Inuit take over child protection services | Polarjournal
Adopted following calls for action by the Truth́ and Reconciliation Commission, Act C-92 has just been recognized as constitutional by the Supreme Court of Canada. Image: Supreme Court of Canada

The Supreme Court of Canada has just upheld the constitutionality of Act C-92, also known as an Act respecting First Nations, Inuit and Métis children, youth and families. This law enables the country’s Indigenous communities to manage their own child and family protection services, and recognizes that the culture must be taken into account in child protection. Just as much as its physical, psychological and emotional well-being and safety.

On January 1, 2020, Act C-92 officially came into force in Canada. Recognizing the rights and jurisdiction of Indigenous peoples in child and family services, the new Act also superseded provincial and territorial authority in child welfare matters. So if a community or organization had its own law, that law applied.

The Quebec government obviously didn’t like this situation, and objected. Its argument? Ottawa would have exceeded its constitutional authority by infringing provincial jurisdiction in this area. The case went to the Court of Appeal of Quebec, which partially ruled in favor of the Quebec opposition. An insufficient decision for the federal government, which took the case to the country’s Supreme Court. The latter handed down its verdict on February 9, recognizing the full constitutionality of Act C-92.

For Natan Obed, President for ITK, Act C-92 will allow to focus more on providing supports for families and children. Image: Inuit Tapiriit Kanatami / Facebook

A decision celebrated by Indigenous organizations across the country, including the Inuit of Inuit Nunangat. “The court has recognized our right to raise our children surrounded by their language, culture, history and land.”, notes Inuit Tapiriit Kanatami, a representative organization of the Inuit, in a press release issued on February 9. “Today, Canada’s highest court has unanimously reaffirmed our inherent right to self-govern, including the power to care for our children and youth.,” said Natan Obed, President of ITK. “As a result of colonial systems, many of our families have been torn apart and have suffered devastating intergenerational trauma”.

The Quebec government’s opposition did not go down well with Indigenous populations. And with good reason. Youth protection is a hot topic, especially when it comes to child placements. A census conducted in 2021 showed that 53.8% of children under 14 in foster care were Indigenous.
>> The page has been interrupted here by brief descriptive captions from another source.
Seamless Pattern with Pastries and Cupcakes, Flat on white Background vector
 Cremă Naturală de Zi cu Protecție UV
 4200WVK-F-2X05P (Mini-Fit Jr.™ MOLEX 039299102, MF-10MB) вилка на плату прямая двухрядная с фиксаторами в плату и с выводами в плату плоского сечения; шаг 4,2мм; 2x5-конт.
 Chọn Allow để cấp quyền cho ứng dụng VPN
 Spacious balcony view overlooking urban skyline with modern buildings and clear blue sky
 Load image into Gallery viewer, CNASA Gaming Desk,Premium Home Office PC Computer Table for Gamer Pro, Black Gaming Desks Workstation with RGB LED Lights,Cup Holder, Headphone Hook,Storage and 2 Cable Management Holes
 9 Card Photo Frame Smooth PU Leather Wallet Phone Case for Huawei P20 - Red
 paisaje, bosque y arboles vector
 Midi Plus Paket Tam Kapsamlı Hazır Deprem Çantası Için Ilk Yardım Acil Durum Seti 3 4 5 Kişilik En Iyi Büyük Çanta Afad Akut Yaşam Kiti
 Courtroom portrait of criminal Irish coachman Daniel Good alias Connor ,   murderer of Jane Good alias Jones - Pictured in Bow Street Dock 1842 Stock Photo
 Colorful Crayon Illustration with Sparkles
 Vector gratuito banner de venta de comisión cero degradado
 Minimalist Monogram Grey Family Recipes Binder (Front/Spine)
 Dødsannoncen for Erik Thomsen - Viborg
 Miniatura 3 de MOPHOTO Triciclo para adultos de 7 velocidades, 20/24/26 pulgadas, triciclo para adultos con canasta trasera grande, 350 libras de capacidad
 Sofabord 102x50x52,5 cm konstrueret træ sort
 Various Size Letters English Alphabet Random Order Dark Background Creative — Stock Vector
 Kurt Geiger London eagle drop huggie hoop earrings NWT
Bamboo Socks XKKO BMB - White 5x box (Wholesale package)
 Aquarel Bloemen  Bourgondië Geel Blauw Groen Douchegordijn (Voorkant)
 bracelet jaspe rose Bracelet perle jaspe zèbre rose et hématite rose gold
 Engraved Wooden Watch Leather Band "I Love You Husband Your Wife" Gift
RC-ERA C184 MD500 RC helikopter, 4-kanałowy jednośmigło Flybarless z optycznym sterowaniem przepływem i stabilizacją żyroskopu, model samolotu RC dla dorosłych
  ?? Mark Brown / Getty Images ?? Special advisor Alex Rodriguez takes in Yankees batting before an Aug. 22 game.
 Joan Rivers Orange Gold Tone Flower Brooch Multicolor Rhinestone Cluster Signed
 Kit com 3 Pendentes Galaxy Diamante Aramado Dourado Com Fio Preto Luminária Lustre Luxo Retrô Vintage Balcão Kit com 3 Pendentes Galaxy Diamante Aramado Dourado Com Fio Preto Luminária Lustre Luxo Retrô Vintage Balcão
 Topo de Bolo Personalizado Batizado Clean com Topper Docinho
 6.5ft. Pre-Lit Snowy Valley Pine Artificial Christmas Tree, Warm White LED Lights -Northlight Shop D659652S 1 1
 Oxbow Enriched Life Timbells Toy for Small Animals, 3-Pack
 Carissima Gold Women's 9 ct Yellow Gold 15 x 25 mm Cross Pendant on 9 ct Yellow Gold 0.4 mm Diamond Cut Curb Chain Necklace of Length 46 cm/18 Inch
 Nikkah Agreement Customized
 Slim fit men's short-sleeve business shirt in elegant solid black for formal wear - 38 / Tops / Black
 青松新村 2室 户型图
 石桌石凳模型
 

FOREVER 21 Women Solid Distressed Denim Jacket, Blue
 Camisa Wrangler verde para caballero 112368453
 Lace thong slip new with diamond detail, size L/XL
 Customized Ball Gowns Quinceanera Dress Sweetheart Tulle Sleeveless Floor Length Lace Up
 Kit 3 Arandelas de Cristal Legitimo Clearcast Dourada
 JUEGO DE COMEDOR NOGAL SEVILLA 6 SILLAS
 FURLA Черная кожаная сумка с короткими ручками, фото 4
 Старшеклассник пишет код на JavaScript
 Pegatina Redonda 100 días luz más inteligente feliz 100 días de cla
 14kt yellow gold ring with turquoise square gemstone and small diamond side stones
A figure that poses a problem when considering that Indigenous represent 7.7% of the population. In addition, placements can be ordered for socio-economic reasons, such as poverty, parents’ state of health or overcrowding in the home. These are issues that often affect Canada’s Indigenous communities.

For Inuit children, placement often means moving to a family or institution in the south, thousands of kilometers from home, cut off at the same time from their family, community and culture. That’s why some people associate the placement of children in families or foster homes in the south with residential schools.

Under Act C-92, children’s ties to their families, communities and cultures are as important to maintain as their physical, psychological and emotional well-being and security.